Not feeling so good this morning, I got up with Stephan at six, ate not quite all of my breakfast and went out and got the bulls in to the yards as soon as it was light. I painted the backs of the three who were to go off on the truck and even remembered I needed to take tail hairs from each of them (in case they ever require genetic testing, since they're all herd sires).
Then up to the pigs. This is the last morning for the biggest pig.
While Stephan milked Zella, I lit a fire beside the sty, ready to heat the water Stephan and William would use to scald the pig in preparation for removing its hair. It's nice lighting a fire outside; primal. I don't often do that, since in summer it's far too dry to be safe and in winter, I light them in the fireplace, inside, where they make the whole house warm.
I've taken a few photos of the bulls in the last week or so, body shots for later reference, but hadn't taken any recent ones of their faces. When their calves are born, it's nice to be able to recall the bulls' faces as well as comparing the calves' appearance with their mothers.
The three are Eva's son 144 (I think of him as Bernie's bull since he was here and reminded me it was this animal's birth which had won him his "holiday" on the farm), Emergency's son 134 and Dexie 101's 137.
I didn't notice at the time, but here's a photo we could include in our Safe Work Procedure, demonstrating what not to do when pig processing: don't stand under the hydrolic front-end loader!
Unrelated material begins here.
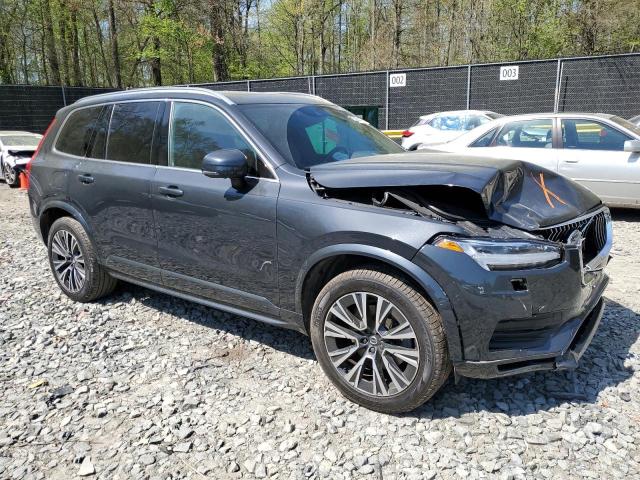 2021 Volvo Xc90 T6 Momentum VIN: YV4A22PK9M1717446 Lot: 50974474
It is (as you may know) a new, well-maintained tractor and the front-end loader is unlikely to give way and fall on anyone but one really should avoid standing under the raised bucket, just in case.
That issue aside, Stephan and William had killed and scalded the pig (submerged it in hot water for several minutes to relax the hair follicles) before hanging him up so they could scrape the hair from the skin.
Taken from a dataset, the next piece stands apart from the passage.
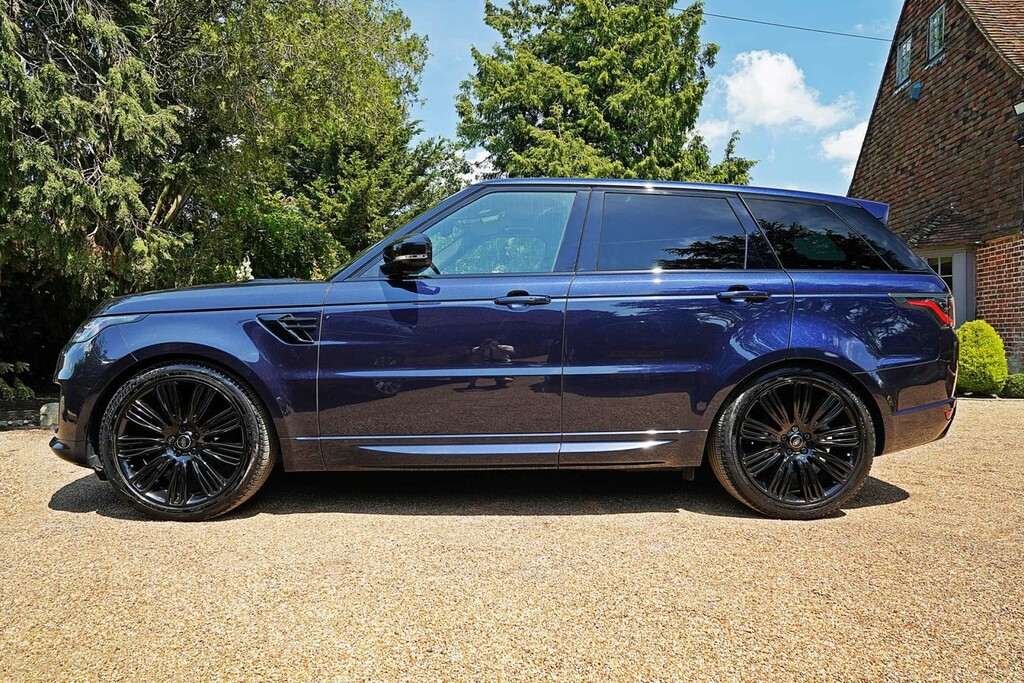 Land Rover Range Rover Sport Hse Dynamic Sdv6 4Wd PF68PHX #2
The other two pigs did not appear at all perturbed by the removal of their large companion. Both were quietly asleep in the sunshine.
After providing coffee for the pig slaughterers, I retired to the couch with a blanket, feeling worse by the minute, my migraine making its presence very much felt.
The truck arrived on time, Stephan dashed over and helped load the three bulls, all very calmly, and returned to carry on cleaning the pig.
When they were finished, the pig went into the back of William's car and Stephan into the front and off they all went to town, since our ute, which we'd left there about three weeks ago to be fixed, was finally ready for Stephan to collect and bring home.
Later, during a short period during which I was able to stand up without being violently ill, I quietly walked the two bulls from the Pig paddock out to join the two weaner bulls. These four will now spend the winter and spring together until it's time for them to perform their usual duties in the summer.
I moved the cows away from them and little 151 continued calling in a really unpleasant manner. Eventually he settled down. There could have been an on-heat animal on the neighbouring property, to which some cattle recently returned.
Some days aren't. I had spent the night fitfully sleeping, with extreme head pain, trying not to move too much for fear of stirring up the nausea which remained and threatened to well up with unpleasant consequences at any moment. Having made it through to 7am without having to make an urgent dash to the bathroom, that peace didn't last long after I crawled out of bed. Oh, misery.
I asked Stephan to shoot me several times during the day; he refused, cruel man.
But these bouts do eventually pass. By the early evening I was able to take a light dinner and began to feel less like dying was the better option.